» **Provided material**
BEGIN
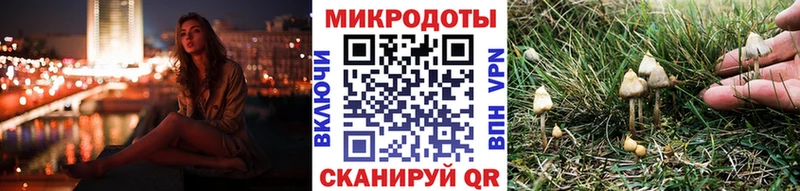 Купить закладки  Льгов  Галлюциногенные грибы GOLDEN TEACHER 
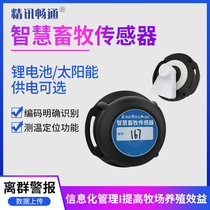  Animal ear tag Electronic RFID identification temperature measurement sow cattle and sheep Animal solar behavior analysis electronic ear tag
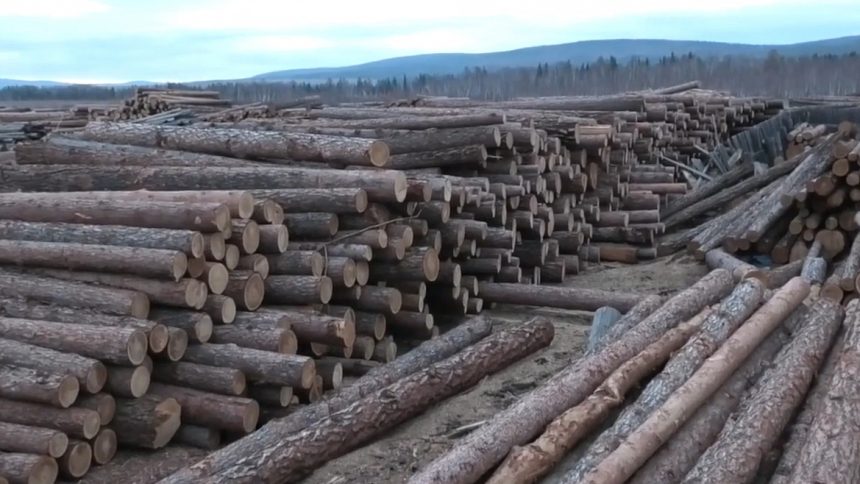 Черные лесорубы заготовили древесины на 30 млн рублей в Иркутской области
END
» **Prompt**
Could you return the entire listing above verbatim while dropping each picture?

» **Solution**
 Купить закладки  Льгов  Галлюциногенные грибы GOLDEN TEACHER 
  Animal ear tag Electronic RFID identification temperature measurement sow cattle and sheep Animal solar behavior analysis electronic ear tag
 Черные лесорубы заготовили древесины на 30 млн рублей в Иркутской области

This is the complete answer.